Alan Jacobs


#
Here’s a thing I will say now without hesitation, unqualified and important. The one word that comes to mind when I think of my brother is ‘courage’. By this I don’t mean the lack of fear which some people have, which enables them to do very dangerous or frightening things because they have no idea what it is to be afraid. I mean a courage which overcomes real fear, while actually experiencing it.

I don’t have much of this myself, so I recognise it (and envy it) in others. I have a memory which I cannot place precisely in time, of the two of us scrambling on a high rooftop, the sort of crazy escapade that boys of our generation still went on, where we should not have been. A moment came when, unable to climb back over the steep slates, the only way down was to jump over a high gap on to a narrow ledge. I couldn’t do it. He used his own courage (the real thing can always communicate itself to others) to show me, and persuade me, that I could. I’d add here that he was for a while an enthusiastic rock climber, something I could never do, and something which people who have come to know him recently would not be likely to guess.

He would always rather fight than give way, not for its own sake but because it came naturally to him. Like me, he was small for his age during his entire childhood and I have another memory of him, white-faced, slight and thin as we all were in those more austere times, furious, standing up to some bully or other in the playground of a school we attended at the same time.

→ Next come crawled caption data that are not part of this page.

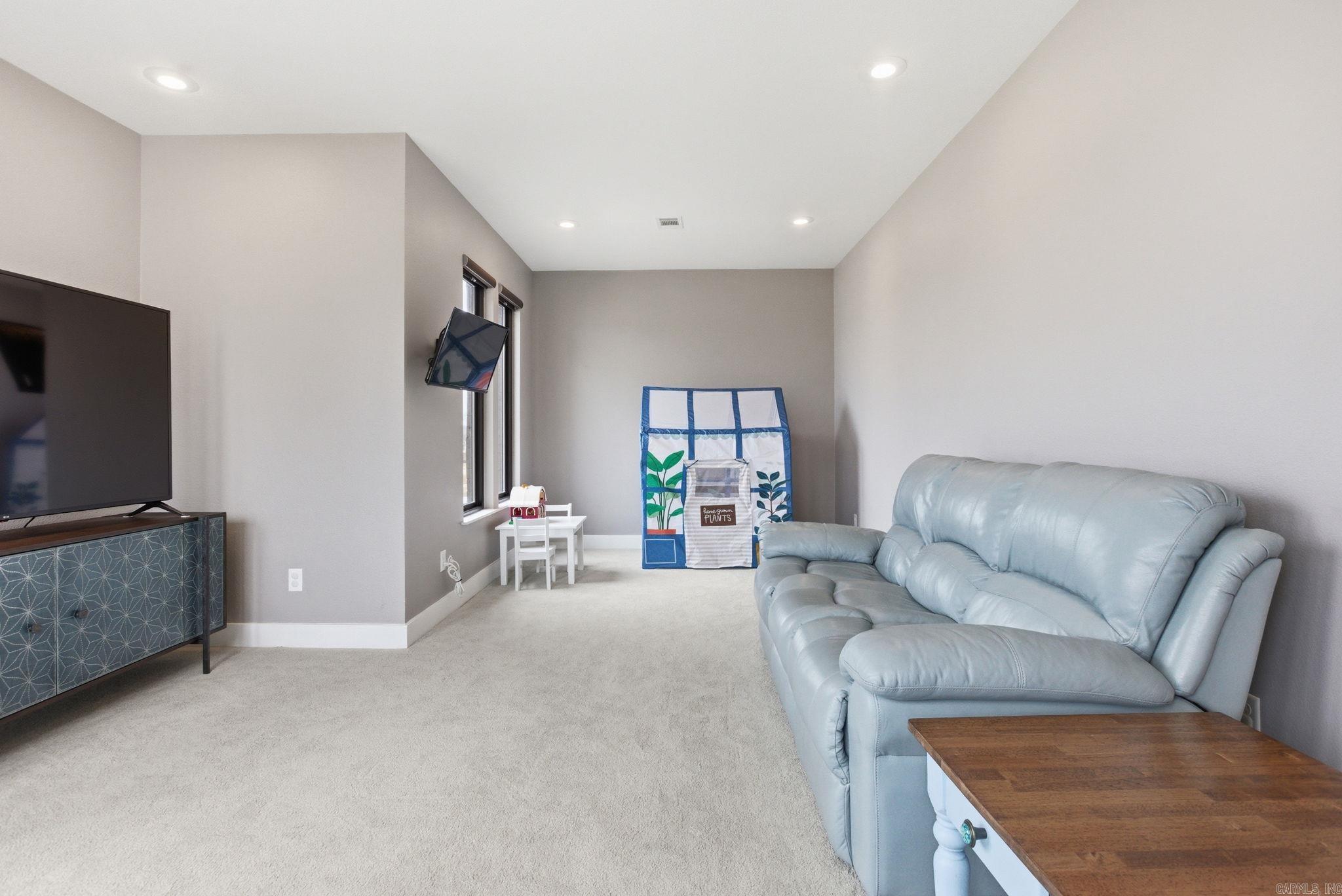 6736 HILO  Benton, AR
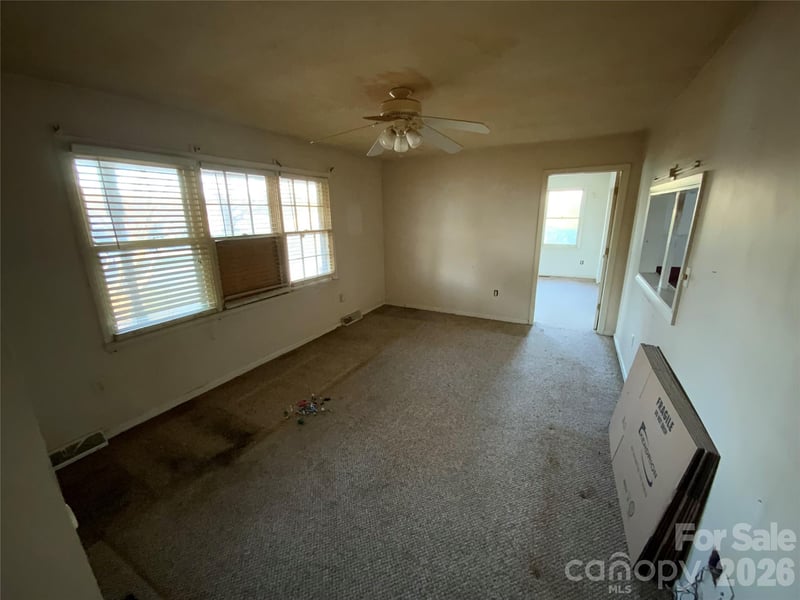 154 Lovelace Rd, Forest City, NC 28043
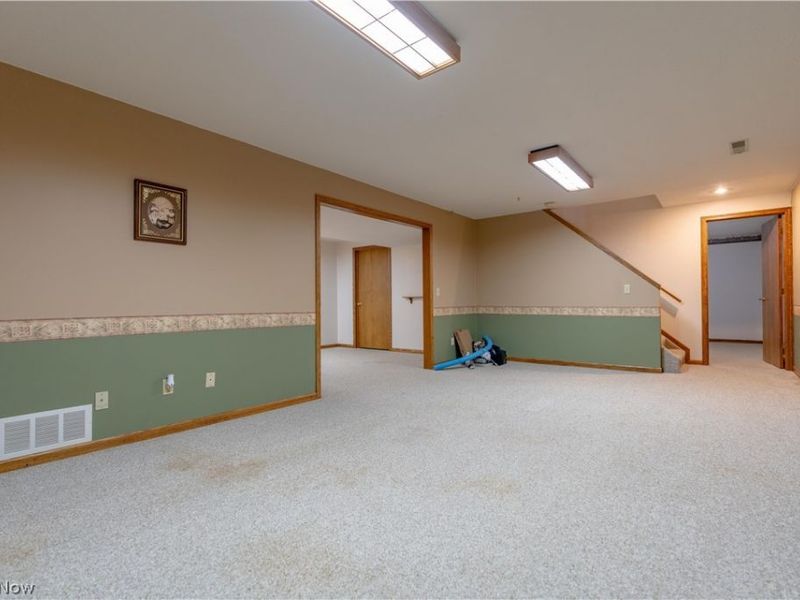 6913 Salerno Street NW, Canton, OH 44718 Photo 38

This explains plenty. I offer it because the word ‘courage’ is often misused today . People sometimes tell me that I have been ‘courageous’ to say something moderately controversial in a public place. Not a bit of it. This is not courage. Courage is deliberately taking a known risk, sometimes physical, sometimes to your livelihood, because you think it is too important not to. My brother possessed this virtue to the very end, and if I often disagreed with the purposes for which he used it, I never doubted the quality or ceased to admire it.